▶ _What to produce_: Copy out exactly, from the entries that follow, the line holding "Predam 18 elekt+zimne", the line holding "Casa 3/4 de", and all lines between them, but no pictures.

▶ _Dataset records_:
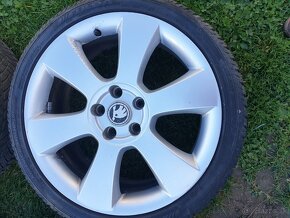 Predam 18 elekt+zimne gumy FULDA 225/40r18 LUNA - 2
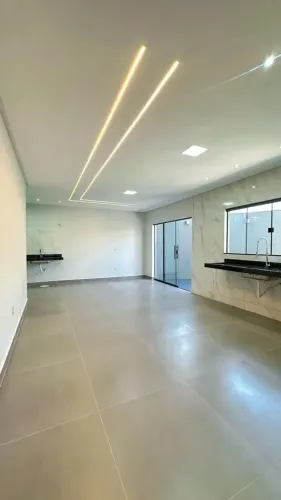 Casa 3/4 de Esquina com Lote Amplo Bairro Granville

==

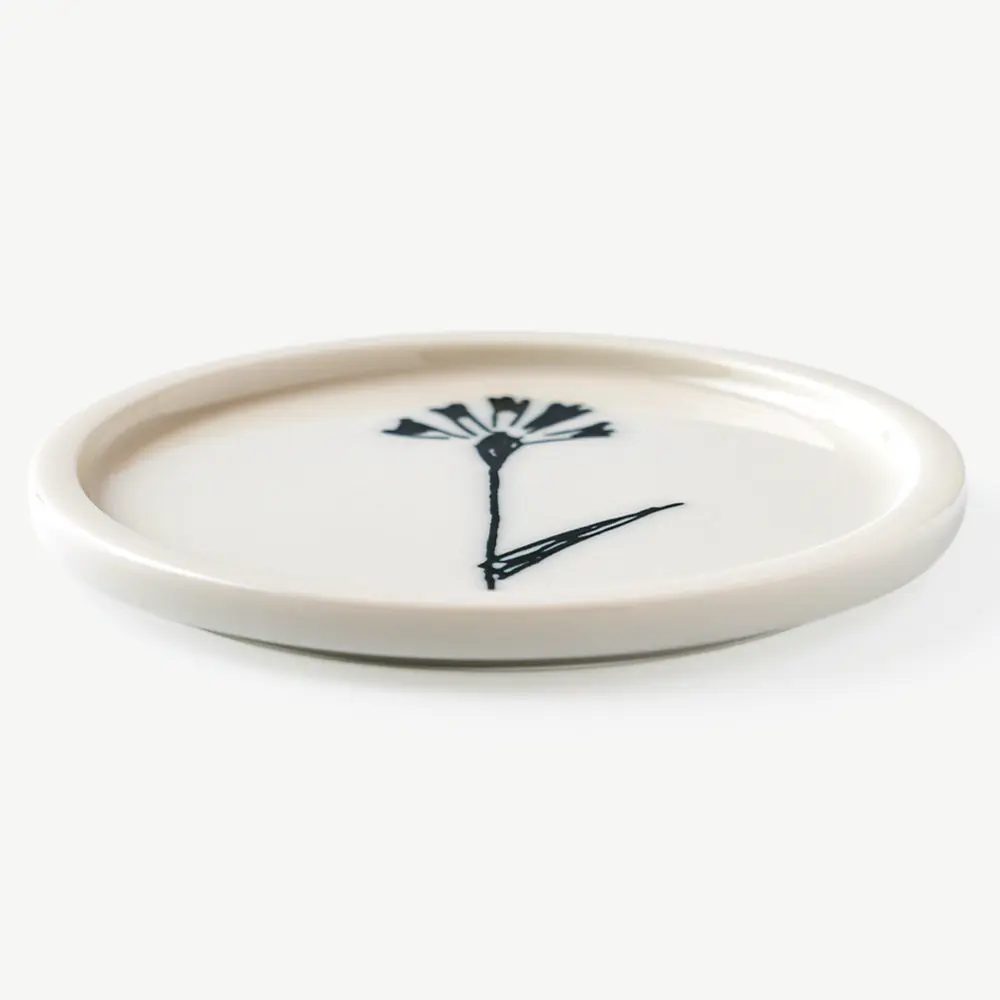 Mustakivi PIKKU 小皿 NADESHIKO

▶ _Expected output_:
 Predam 18 elekt+zimne gumy FULDA 225/40r18 LUNA - 2
 Casa 3/4 de Esquina com Lote Amplo Bairro Granville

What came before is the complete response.